Mirror To The Universe – Spiritual Panorama

Mirror To The Universe

– Spiritual Panorama

By Rob Mohr

 universe 2020

“. . . one of the most spiritual things you can do is embrace your humanity. Connect with those around you today – say, ‘I love you,’ ‘I’m sorry,’ ‘I appreciate you,’ ‘I’m proud of you’ . . . and give plenty of hugs.”

—Steve Maraboli

     

Scientists are convinced a conscious universal mind predates the big bang and the creation of matter. This nonmaterial mind “intended” our expanding cosmos. Everything in creation, including humans, is connected with that universal mind. During the Paleolithic and Neolithic periods an animistic worldview enabled human interaction in both physical and spiritual dimensions. Unfortunately, the ancient animistic belief that humans, animals, plants, rivers, mountains, stars, moon, and sun are conscious and have souls, remained unnoticed in today’s world until nanophysics confirmed its validity.

During the last fifty thousand years of the Paleolithic period, anthropologists have uncovered evidence that women facilitated tribal animistic rituals. The Venus of Hohle Fels (40,000 BCE), and later the Goddess of Laussel (25,000 BCE), with her bison-horn trumpet, nurtured humanity’s spiritual connection with the natural world.

Architectural, nonresidential ritual sites like Göbekli Tepe in Turkey (12,000 BCE), Aguada Fenix in Mexico (Maya, 1,000 BCE), and Poverty Point in Louisiana (1,500 BCE), all reveal extensive ritual spaces designed to accommodate hundreds of participants. The Olmecs in La Viente and later in a transitional site, Takelik

Abaj, in southern Guatemala (4,000 BCE until 400 CE), reveal ritual spaces for the community. The collapse of the Classical Maya, during the terminal classic period (850–1,000 CE), was the result of exclusion of the community from the rituals. Wide plazas and accessible temples had been replaced by architecture for the elite, which excluded the community from rituals. 
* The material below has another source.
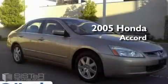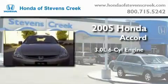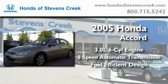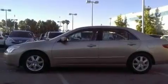This is a 2005 Honda Accord. It features a 3.0-liter six-cylinder engine and a five-speed automatic transmission. With an EPA estimated rating of 30 miles per gallon on the highway, this automobile helps leave money in your pocket where you want it.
Throughout Latin America, community ceremonies included numerous individuals who physically became manifestations of Neolithic animism. Many dressed and acted like anthropomorphic beings. This marriage of animal and human was formalized in unique ways. The Maya, for example, used a three-wheel cogged calendar where each unique day combination occurred only once in each 52-year cycle. Each child at birth is given the attributes of animals that correspond with their unique day in the cycle. For example, my friend Victor at birth was named and assigned the attributes of a Batz (monkey), his anthropomorphic brother. 
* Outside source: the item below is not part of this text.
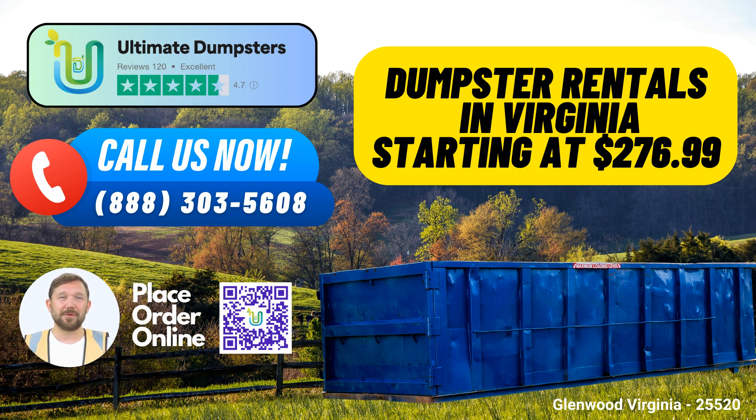30-yard Dumpster: Dimensions are typically 22ft Long x 8ft Wide x 6ft High. Great for larger projects, like demolition debris removal. 40-yard Dumpster: Dimensions are typically 22ft Long x 8ft Wide x 8ft High. Designed for substantial projects, such as construction site cleanups and large-scale renovations.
Contemporary thoughts on historic spirituality have focused on shamanism, a Middle Ages concept imported by the Spanish invaders, while actual pre-Columbian spiritual activities remain communal in nature. The natural world was, for participants, an inclusive community that linked all of creation. Science and our own instincts challenge us to re-evaluate animism as a foundation of our spiritual exploration of what life means in a world where everything is part of the same spiritual and physical structure. 

But, supreme individualism, and the idea that spirituality is personal, undermines communal exploration and shared enlightenment within spiritual communities. Equally, dogma structured by organized religions severely limits the range of spiritual exploration and discovery. Also, the pseudo religious philosophy of Rene Descartes’s Cartesian Dualism—the functional separation of spirit and body—caused contemporary misunderstanding.
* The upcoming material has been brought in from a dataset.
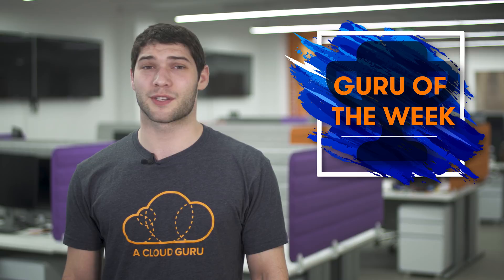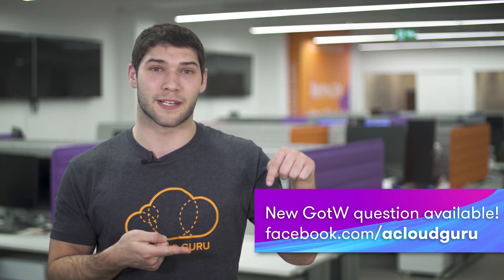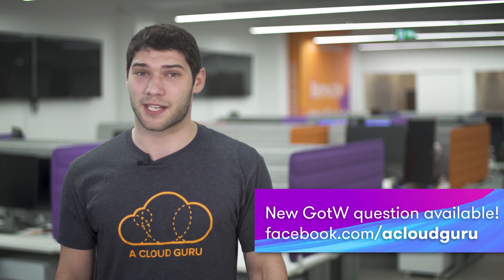Now on to Guru of the Week. This week's winner goes to a software engineer at GBM, Francisco Sanchez. Congratulations Francisco! A t-shirt, sticker, and a hand-signed card are heading your way and you've been entered in the draw to win a ticket to re:Invent 2019. For everyone else, please visit the link on the screen below for this week's question and a chance to be crowned Guru of the Week. That's all the releases we have for this week. We hope to see you next week and as always, keep being awesome Cloud Gurus!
We all, whether defined or not, have a spiritual existence. From our prehistoric beginnings, humans have bumped against a thin permeable membrane that separates us from the mystery of life. Sacred ground, thin places, and portals into parallel dimensions, places and times, have throughout history sparked our curiosity. Our integrated body/spirit seeks engagement with the nonmaterial dimensions that fill the earth and cosmos. 

The question many of us face is where, and in what community, may we find safe, intellectual space to explore spiritual dimensions and the dimensions of life. Perhaps, as we search for answers, art, writing, and study groups, through intellectual stimulation, mutual support, and shared development, might seed and nurture spiritual exploration. Creative answers are needed.